Hiro:
So our email exchange has gone as follows:
* You mentioned in email to OGSA-WG that a certain set of execution
management commands have been defined as out of scope of BES because they
relate to "job management" instead of "container
management."
* I said that this partitioning of function didn't make sense to me, for
reasons that I listed.
* You replied by re-iterating the position that the BES charter is
defined to exclude what you term as "job management"
functions.
In my view, this reply doesn't address the issues that I raised, in that
it just restates the position I was objecting to.
I also note that the BES charter on gridforge.org notes that
"The scope of the
working group is on the definition of services for service instantiation
and management. For example, using the OGSA V1 nomenclature,
service containers and jobs."
Thus I don't even see that this limitation is justified based on the
charter.
I'll stop raising the issue soon, but I do so one
last time because I am concerned that a BES specification that is defined
so narrowly is not going to be useful and thus will not gain broad
acceptance.
Regards,
Ian.
At 01:58 AM 5/26/2005 +0900, Hiro Kishimoto wrote:
Hi Ian,
We've discuss your input on Sunday (at OGSA-BES meeting) and Monday
(at OGSA-WG meeting). The attached is an understanding of the
attendees.
Each box corresponds to EMS service and each dotted line shows
coverage
of OGSA-BES WG's charter, OGSA-RSS WG's (initial) charter, and GRAM
interface.
Some comments;
- We think MJFS corresponds to container instead of Job Manager.
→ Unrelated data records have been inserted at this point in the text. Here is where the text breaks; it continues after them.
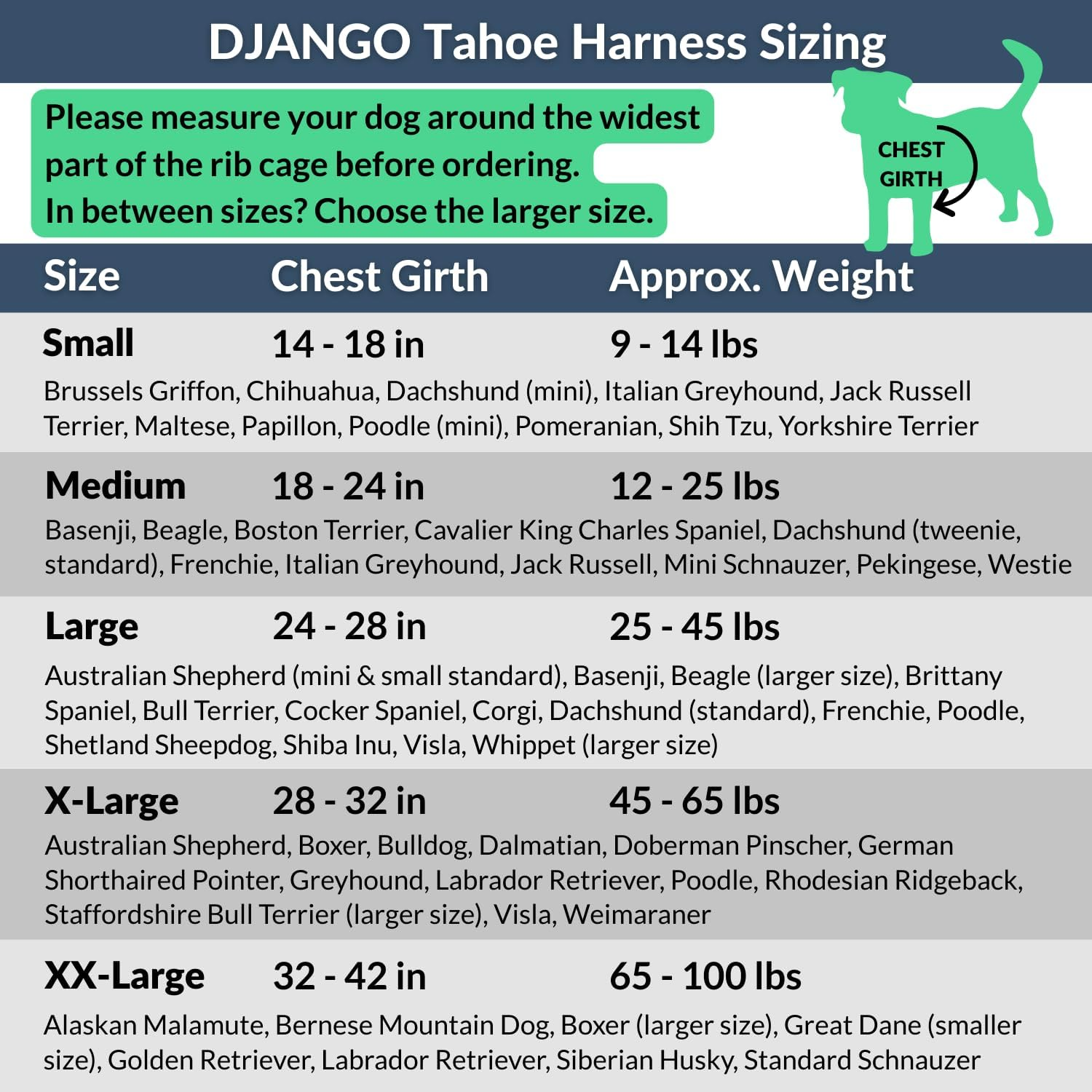 Django Tahoe No Pull Dog Harness &ndash; Comfortable, Durable, & Padded Dog Harness with Front & Back D-Rings &ndash; Adjustable & Secure Harness for Outdoor Adventures & Everyday Use (Alpine Blue, Small) image number 5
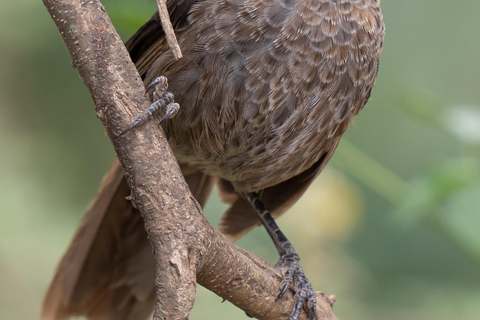 Tanzanie : Olpopongi Maasai, Materuni et café - Circuit de 2 joursTanzanie : Visite de 2 jours à Olpopongi Maasai, Materuni et Café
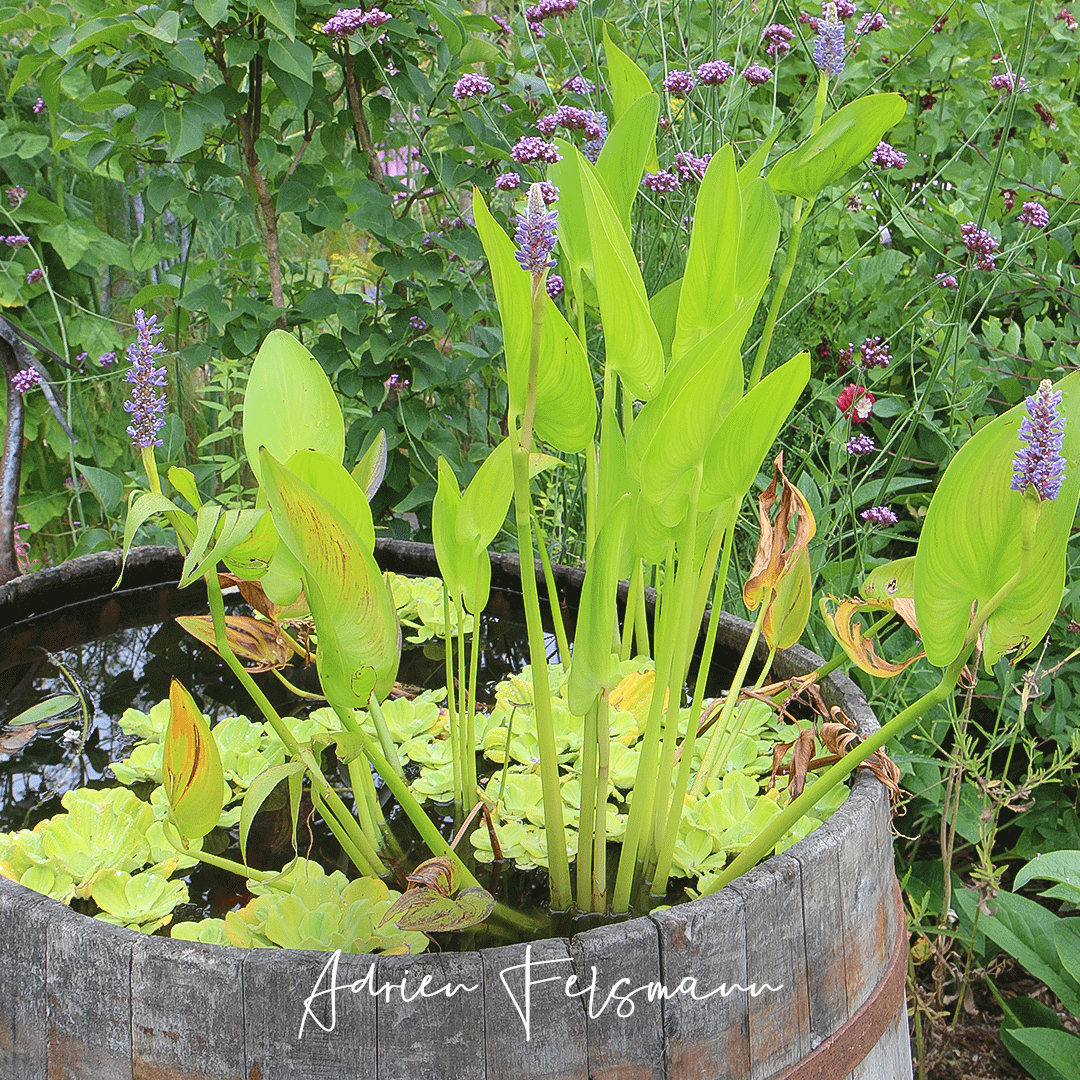 Écosystème aquatique dans une comporte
- MJFS and others cover most of "container" interface but not
all.
For example, BES-WG will define check-pointing interface which
is not supported by GRAM.
- GRAM covers "job" interface, which is out of BES-WG's
scope.
Meeting minutes will be available shortly and you can find more
detail
by the minutes.
Thanks,
----
Hiro Kishimoto
-----Original Message-----
From: Ian Foster
[mailto:foster@mcs.anl.gov]
Sent: Monday, May 23, 2005 11:20 PM
To: Hiro Kishimoto; 'ogsa-wg'; OGSA-BES-bof@ggf.org
Subject: RE: [ogsa-wg] Perhaps useful input to BES discussion
Hiro:
The "BES is for container not job manager" argument doesn't
make sense to me.
The question of where you are permitted to direct operations for purposes
of
monitoring and control--to container, job, or both--is orthogonal to
the
question of what operations need to be supported.
The draft BES document defines "check status" and
"terminate" operations, which
are certainly required. However, more are needed, e.g.:
* soft-state lifetime management, to avoid orphan jobs
* subscribe-on-status-change operations, to avoid repeated
polling.
Simply saying "we're not going to consider those because they are
defined in
WSRF" makes no sense to me. WSRF also defines "check
status" and "terminate"
operations, but you're not ignoring those.
Another generic issue that is not addressed in the BES document is how
you model
the state associated with the factory and an individual job. Regardless
of how
you choose to provide access to that state, via standardized WSRF
operations or
some custom operations, a schema needs to be defined implicitly or
explicitly,
and this must surely encompass more than just "job status."
E.g., see below for
those defined in GT4 GRAM.
With respect to your questions below:
#1: Yes, in my view.
#2: I certainly think you need to consider and address these issues
together.
Ian.
Job modeling, from
http://www.globus.org/toolkit/docs/4.0/execution/wsgram/WS_GRAM_Public_Interface
s.html#id2844424
2.3.2. Managed Job Port Type
. serviceLevelAgreement: A wrapper around fields containing the
single-job and
multi-job descriptions or RSLs. Only one of these sub-fields shall have
a
non-null value.
. state: The current state of the job.
. fault: The fault (if generated) indicating the reason for failure of
the job
to complete.
. localUserId: The job owner's local user account name.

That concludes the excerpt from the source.